II
POR LA COSTA DEL NORTE10 VISIÓN DE LAS BESTIAS
A una alta hora de la noche desperté, palpé mi muslo izquierdo y me dije: aquí termina el viaje. Lo sentí enormemente hinchado, con esa hinchazón indolora típica de la sangre embolsada. Aterrorizado, recogí mi mano y me puse a pensar en mi edad. ¡Qué ironía! Ahora que gracias a mis años sabía dónde poner los pies, mi cuerpo caía en unos precipicios interiores que yo ignoraba absolutamente. Volví a despertar cuando la luz del sol aclaraba ya la caja de hojalata blanca y húmeda en la que yacía boca arriba. De un tirón corrí el cierre relámpago del saco de dormir, me senté v examiné mi muslo. Estaba igual al otro. Salté fuera del furgón y di unos pasos, atento a cualquier síntoma. Nada. ¡Soñaste! me dije. Y medio desnudo como estaba me puse a cojear en la arena para burlarme de mi terror. Pero yo sabía que mi terror no había sido producido por un sueño, y remedar a un cojo no bastó para tranquilizarme. Volví al furgón y me metí nuevamente en el saco. Temblaba de frío y de recelo. Pensé en los ángeles que baldan a los hombres. Pensé que lo de la noche podía haber sido una advertencia para que dejara de confundir la costa marina con la celeste.
Un tremendo resoplido interrumpió mi examen de conciencia. Corrí la puerta lateral de mi recámara rodante y quedé mirando de hito en hito una pareja de caballos. ¡En mi vida vi animales vivos más esqueléticos y llenos de mataduras! La aridez de la arena en donde hundían sus cascos, el paredón de agrietadas rocas contra el que se recortaban sus figuras, el terral helado que desgreñaba sus testuces y hacía lagrimear sus enormes ojos oscuros, el rugido del mar inmediato que parecía encogerlos, toda la atroz escena fue tan sorpresiva que se me llenaron los ojos de lágrimas. ¡Dios mío! ¡Las llagas rojas y los costurones blancos del espinazo del alazán! ¡Las patas hinchadas y de rodillas más gruesas que codos de olivo del tordo! ¡Sus pezuñas despeadas, su crin a pedazos, sus orejas desiguales, sus costillas saledizas! ¡Y la luz que no acrimina, la luz intacta de su mirada!

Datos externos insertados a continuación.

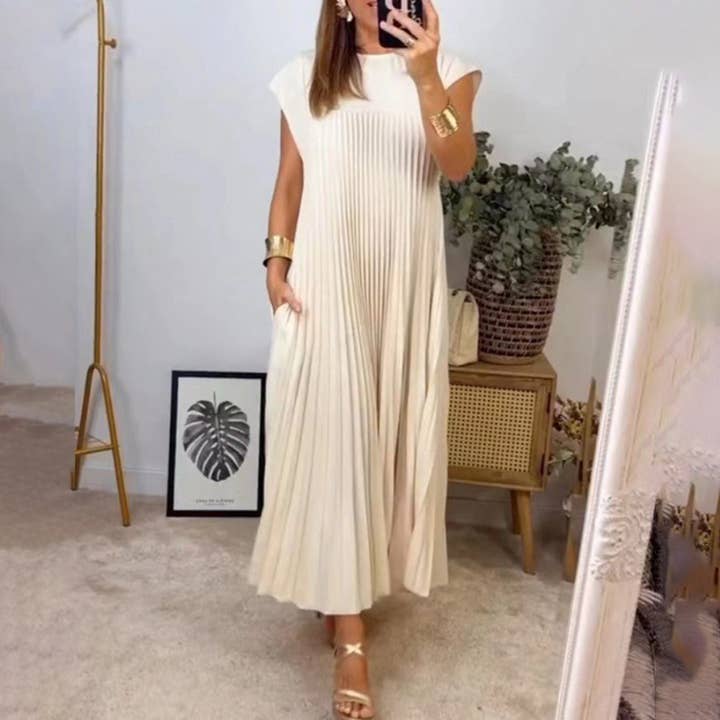 Elegant fashion round neck sleeveless pleated long dress for wholesale by Lily Clothing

Como uno al que le llegó la hora de rendir cuentas, me vestí y calcé en un instante y salí despacio del furgón. Me figuraba que los dos vivientes tendrían horror al hombre. Pero al verme afuera, desviaron nada más sus cabezas gachas para quedar mirándome de perfil. Aunque compartíamos el suelo de arena ennegrecida por el rocío, las bestias estaban tan herméticamente encerradas en su carne viva que yo me sentía aparte de ellas, tan lejos como se siente un deudo del muerto a quien vela. Mi compasión no las acercaba; tampoco mi cólera contra sus verdugos; tampoco la culpa que sentía por tener yo también pies y manos. El espacio que hubiera querido cruzar en un arranque de ternura se volvió impene-trable como una ventana. Contemplé las afueras donde sufrían los dos inaccesibles seres hasta que al fin, vencido por su silencio, me puse a gritar y a agitar los brazos para ahuyentarlos. Como si hubieran estado midiendo mi aguante, volvieron grupas a una y se alejaron, tan cojos que a cada paso hincaban sus hocicos en la arena.
Desde el balcón de rocas donde había estacionado el furgón los vi salir a la escena deslumbradora de la playa, avanzar hacia el mar que se venía abajo vitoreándolos, virar y seguir por la orilla imperturbablemente. Gaviotas y golondrinas alzaron el vuelo para enjaezarlos con alas y sombras de alas. De súbito, la pareja de caballos se transfiguró en una única bestia fabulosa. Y en ese mismo instante Jonás entró corriendo a la playa y se le aproximó con la mano en alto. La gran bestia se detuvo. El hombre avanzó pasito a pasito hasta tocar una de sus cabezas. Quizás le hablaba: la distancia, el ruido de las olas y el terral que corría esa mañana en La Ballena me impidieron saberlo.
Algo más tarde, un quiltro encogido se puso a rondar el furgón mientras tomaba desayuno. ¡Con qué alivio vi que engullía el pedazo de pan que le eché!